- 出版社/メーカー: 早川書房
- 発売日: 2011/02/25
- メディア: 雑誌
- 購入: 1人 クリック: 10回
- この商品を含むブログ (11件) を見る
『リリエンタールの末裔』(上田早夕里)。華竜の宮がまだ積ん読状態で読んでいないのだが、本短編だけを見ると、かなりストレートな異世界航空宇宙SF。
『神が手を叩くとき』(マイクル・F・フリン)。地球外文明を発見した一行が、観察を始めたが、という話で、接触するかどうか、介入するかどうか、というスタートレックの「艦隊の誓い」を思わせる困難な問題となる。それこそ、リビア的な問題とどうか変わるかなどと現実世界のことが頭に浮かぶ。

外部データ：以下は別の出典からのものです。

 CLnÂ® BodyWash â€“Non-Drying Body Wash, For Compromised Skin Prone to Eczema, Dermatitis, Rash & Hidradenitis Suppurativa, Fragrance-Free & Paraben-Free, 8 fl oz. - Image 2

北野勇作の『カメリ、メトロで迷う』は、レプリカメがカヌレを作ろうとメトロの巣に迷い込む(?)話。フェリクス・J・パルマ『セバスティアン・ミンゴランセの七つの人生(のようなもの)』は、雨宿りしている女性に声をかけるかどうかというところで分岐していく世界を重ね合わせた奇想SF。うまく映像化できると面白くなりそう。

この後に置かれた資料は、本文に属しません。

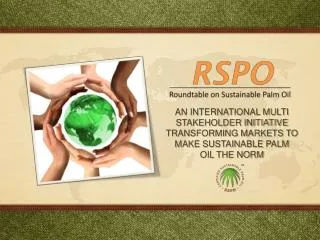 AN INTERNATIONAL MULTI STAKEHOLDER INITIATIVE TRANSFORMING MARKETS TO MAKE SUSTAINABLE PALM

「ヒロシマをめざしてのそのそと」(メイムズ・モロウ)は中篇が掲載。大きな話と小さな話がごちゃごちゃと混ざりながら事態が進展していく。249ページのイラストが、まさにタブロイド。
中野善夫の連載評論は最終回。
フロドは使命を達成したら何も新しいモノを獲得できない運命だ。できるのは、世界を正しい世界に戻すというだけである。この点で『指輪物語』は極めて特異なファンタジィであると同時に、世界を正しい姿に戻そうとすることだけを目標にするという意味では極めて純粋なファンタジィらしいファンタジィである。
(中略)
ファンタジィの読者たちは、『指輪物語』を異世界ファンタジィの中核と位置づけ、神聖視しすぎてはいないか。極めて変な異世界ファンタジィであることにもっと注目すべきではないか。(p.98)

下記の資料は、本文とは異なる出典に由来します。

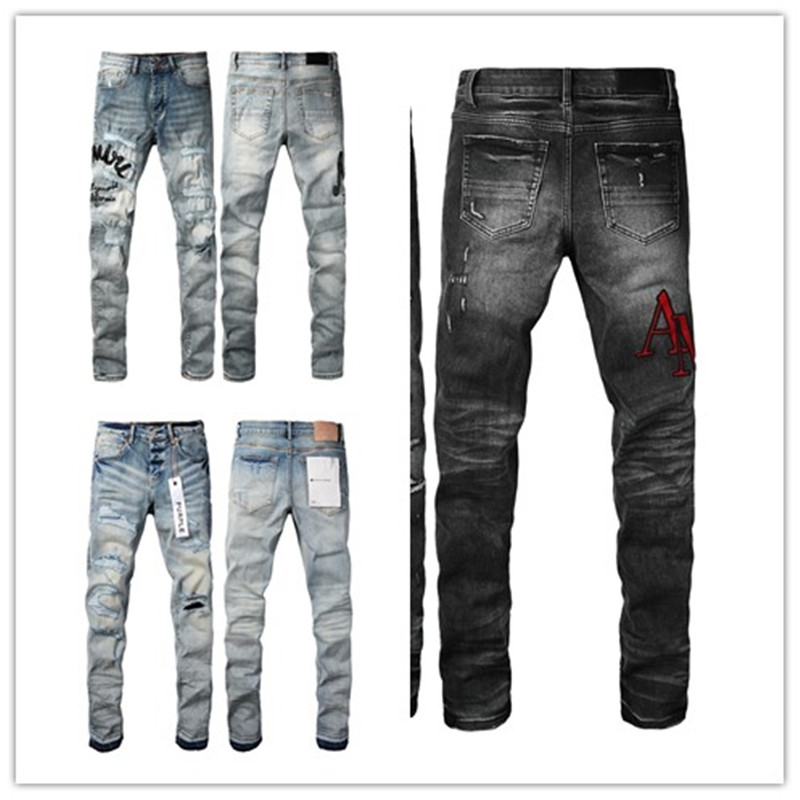High Street Fashion Men's Jeans Vintage Elastic Tight Split Jeans Men's Blue Hole Red Patch Designer Hip Hop Brand Pants Homer28-40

現代SF作家論シリーズ第3回は、小畑拓也氏によるハインライン論。ウォルドゥやパワードスーツを見ながら、人と機械の関わりという点でハインライン的ポストヒューマンをどう読むかという話。パワードスーツのセンサー越しの世界知覚と人間の目による世界知覚とでどちらが「真実」かというような話題も。